OPUS parallel corpora | Sketch Engine

A parallel corpus 40 languages

The OPUS parallel corpora is a set of text corpora with aligned sentences which allow searching and analysing translations between all the languages.

The parallel corpora were collected, prepared and aligned by Jörg Tiedemann in the OPUS project . We are most grateful to him for his great work and co-operation. The data were processed by Sketch Engine using a range of lemmatisers, part-of-speech taggers and sketch grammars.
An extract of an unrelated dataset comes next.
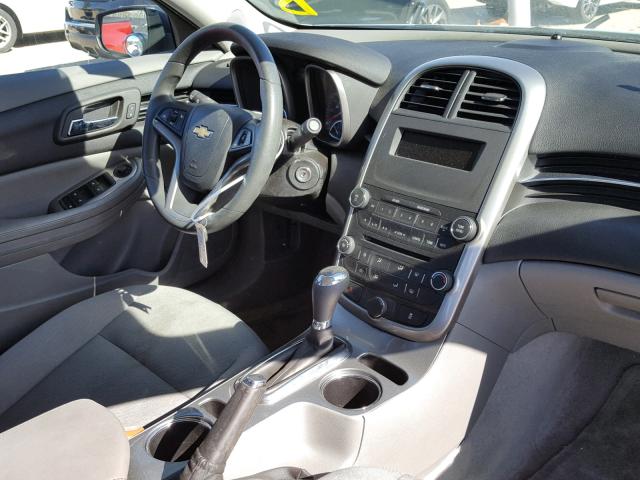 1G11B5SLXFF181755 - 2015 CHEVROLET MALIBU LS ვერცხლისფერი ფოტო 9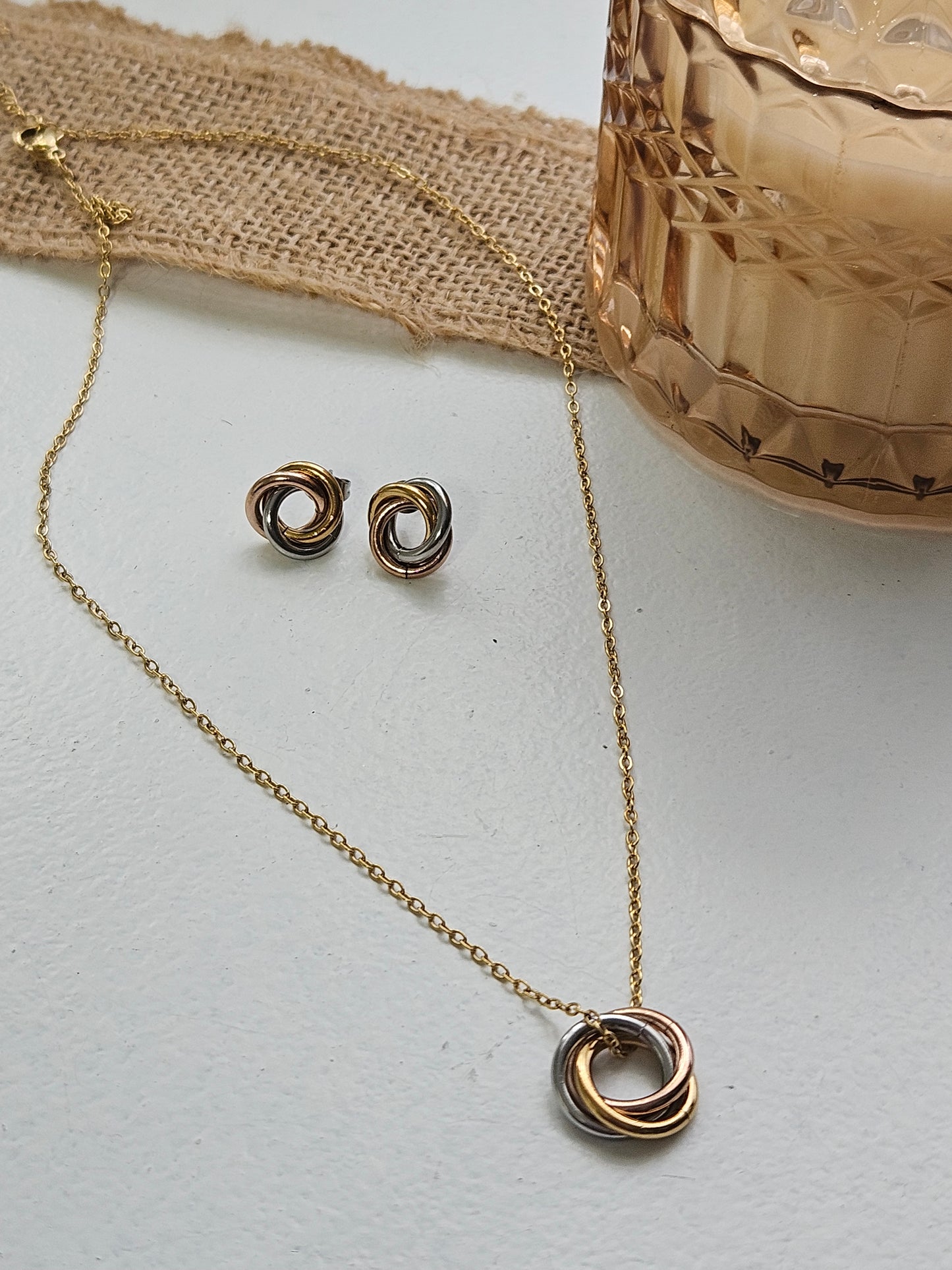 Elegant  Tricolor Set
The OPUS2 corpora are the second version with m:n the alignment, which allows for just one corpus per language.

This parallel corpus can be searched and analysed monolingually or multilingually using all available tools in Sketch Engine: concordances, collocations, word lists and more.

The OPUS project in Sketch Engine contains 40 languages: Afrikaans, Albanian, Arabic, Bosnian, Bulgarian, Chinese (simplified characters), Chinese (traditional characters), Croatian, Czech, Danish, Dutch, English, Estonian, Finnish, French, German, Greek, Hebrew, Hindi, Hungarian, Italian, Japanese, Korean, Latvian, Lithuanian, Macedonian, Norwegian, Persian, Polish, Portuguese (Brazilian), Portuguese (European), Romanian, Russian, Serbian, Slovak, Slovenian, Spanish, Swedish, Turkish, Ukrainian.

A list of subcorpora

ECB – European Central Bank corpus (v.0.1)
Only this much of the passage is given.